The government will pursue a plan to build exemplary housing units in planned settlement sites across the country and has allocated Rwf15 billion this fiscal year in line with the ambitious project, an official at the Rwanda Housing Authority (RHA) has said.
Augustin Kampayana, the head of human settlement, planning, and development at RHA, told The New Times yesterday that construction of planned settlements, commonly known as model villages, is the way to go in relocating people living in high risk zones and promoting proper dwelling.
Rwf22 billion was allocated in the past fiscal year to kick-start the construction of model villages in all the country’s 30 districts.
Kampayana said the money will boost districts’ efforts to settle at least 30,000 households that are currently set up in scattered settlements and high risk zones.
The official said some 40,000 households from such areas were relocated and properly settled during the last fiscal year 2016/17 when the Government initiated the construction of at least one model village in every district.
“Rwf15 billion allocated for the current fiscal year 2017/18 is peanuts but our message to the people is that they should always try to use their own means to relocate to existing planned settlements. That leaves the Government with the opportunity to focus on availing basic infrastructure to the planned settlements,” he said.
The money allocated in the current fiscal year will be used to increase the number of housing units in different model villages whose construction was kicked off in every district across the country last year, providing basic infrastructure like water and electricity in the existing villages, as well as essential amenities like nursery schools and community halls, among others.
The efforts will help address the issue of scattered settlements across the country, which is sometimes an obstacle to fast development of residents in communities and a potential cause of disasters in case some settlements are set up in high risk zones such as swamps and steep slopes.
“The more people live in planned settlements, the less risks we will have when it comes to settlement-related disasters,” Kampayana said.
Local officials have welcomed the government’s continued funding for the construction of model villages, with engineers and leaders in Rutsiro and Ngororero districts revealing that the money will help them implement projects that are already on-going and needed a boost.
In Rutsiro, a portion of the fund will help provide water and electricity, an early childhood development centre, a community road, and two additional four-in-one housing units in Kivumu Sector’s Karungu model village.

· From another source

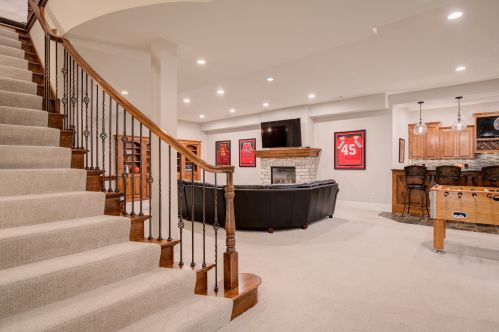 1410 Bristlecone Dr, Chenequa WI  53029-8653 exterior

“Our model villages need extension; not all the plots are built up and not all the needed infrastructure are there yet. We need to equip them with water, kraals, main halls for community events, and many other amenities. Such funds from the government are always a boost for us,” said Innocent Gakuru, the vice mayor for economic affairs in Rutsiro District.
The Mayor of Ngororero District, Godfrey Ndayambaje, told The New Times that the Government funding in the current fiscal year will mostly be used to build new model villages in the district.
“When model villages are built, they are mostly handed to vulnerable citizens. If we can build more model villages, it can reduce the number of people who live in high risk zones,” he said, adding that his district will get funding to build homes for 40 households in the current fiscal year.
Officials at RHA have estimated that about 260,000 households across the country have been set up in scattered settlements and should ideally be relocated to planned settlements where access to essential infrastructure is crucial for fast and inclusive development.
Under the country’s Vision 2020, the Government has predicted that at least 70 per cent of Rwandans in rural areas will be living in planned settlements by the year 2020.
The current rate is 55.8 per cent according to the most recent national household survey, the fourth Integrated Household Living Conditions Survey, which was published in September 2015.